To run a Dask cluster on Kubernetes capable of GPU compute you need the following:
- Kubernetes nodes need GPUs and drivers. This can be set up with the NVIDIA k8s device plugin.
 
- Scheduler and worker pods will need a Docker image with NVIDIA tools installed. As you suggest the RAPIDS images are good for this.
 
- The pod container spec will need GPU resources such as 
resources.limits.nvidia.com/gpu: 1 
- The Dask workers needs to be started with the 
dask-cuda-worker command from the dask_cuda package (which is included in the RAPIDS images). 
Note: For Dask Gateway your container image also needs the dask-gateway package to be installed. We can configure this to be installed at runtime but it's probably best to create a custom image with this package installed.
Therefore here is a minimal Dask Gateway config which will get you a GPU cluster.
# config.yaml
gateway:
  backend:
    image:
      name: rapidsai/rapidsai
      tag: cuda11.0-runtime-ubuntu18.04-py3.8  # Be sure to match your k8s CUDA version and user's Python version
    worker:
      extraContainerConfig:
        env:
          - name: EXTRA_PIP_PACKAGES
            value: "dask-gateway"
        resources:
          limits:
            nvidia.com/gpu: 1  # This could be >1, you will get one worker process in the pod per GPU
    scheduler:
      extraContainerConfig:
        env:
          - name: EXTRA_PIP_PACKAGES
            value: "dask-gateway"
        resources:
          limits:
            nvidia.com/gpu: 1  # The scheduler requires a GPU in case of accidental deserialisation
  extraConfig:
    cudaworker: |
      c.ClusterConfig.worker_cmd = "dask-cuda-worker"

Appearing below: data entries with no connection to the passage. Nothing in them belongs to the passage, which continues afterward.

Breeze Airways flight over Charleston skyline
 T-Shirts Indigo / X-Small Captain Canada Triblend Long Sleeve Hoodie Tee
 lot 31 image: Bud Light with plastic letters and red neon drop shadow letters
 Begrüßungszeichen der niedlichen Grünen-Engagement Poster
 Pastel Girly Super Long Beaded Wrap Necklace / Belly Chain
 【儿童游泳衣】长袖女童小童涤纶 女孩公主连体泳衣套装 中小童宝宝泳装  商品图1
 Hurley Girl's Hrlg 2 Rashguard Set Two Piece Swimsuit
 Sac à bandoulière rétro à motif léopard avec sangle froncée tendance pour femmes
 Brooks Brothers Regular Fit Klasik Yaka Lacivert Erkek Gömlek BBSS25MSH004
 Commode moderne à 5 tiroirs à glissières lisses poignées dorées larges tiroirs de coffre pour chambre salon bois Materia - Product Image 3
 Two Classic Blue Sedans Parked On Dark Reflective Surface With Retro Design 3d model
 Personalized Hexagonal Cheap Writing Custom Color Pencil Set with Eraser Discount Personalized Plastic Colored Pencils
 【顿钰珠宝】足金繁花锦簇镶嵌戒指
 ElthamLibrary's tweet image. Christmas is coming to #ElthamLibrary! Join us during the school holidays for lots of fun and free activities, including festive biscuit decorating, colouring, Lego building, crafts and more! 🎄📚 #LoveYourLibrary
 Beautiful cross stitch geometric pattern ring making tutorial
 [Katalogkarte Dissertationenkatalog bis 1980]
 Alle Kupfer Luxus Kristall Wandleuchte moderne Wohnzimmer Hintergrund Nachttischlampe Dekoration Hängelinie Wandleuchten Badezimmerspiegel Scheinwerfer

We can test things work by launching Dask gateway, creating a Dask cluster and running some GPU specific work. Here is an example where we get the NVIDIA driver version from each worker.
$ helm install dgwtest daskgateway/dask-gateway -f config.yaml
In [1]: from dask_gateway import Gateway
In [2]: gateway = Gateway("http://dask-gateway-service")
In [3]: cluster = gateway.new_cluster()
In [4]: cluster.scale(1)
In [5]: from dask.distributed import Client
In [6]: client = Client(cluster)
In [7]: def get_nvidia_driver_version():
   ...:     import pynvml
   ...:     return pynvml.nvmlSystemGetDriverVersion()
   ...: 
In [9]: client.run(get_nvidia_driver_version)
Out[9]: {'tls://10.42.0.225:44899': b'450.80.02'}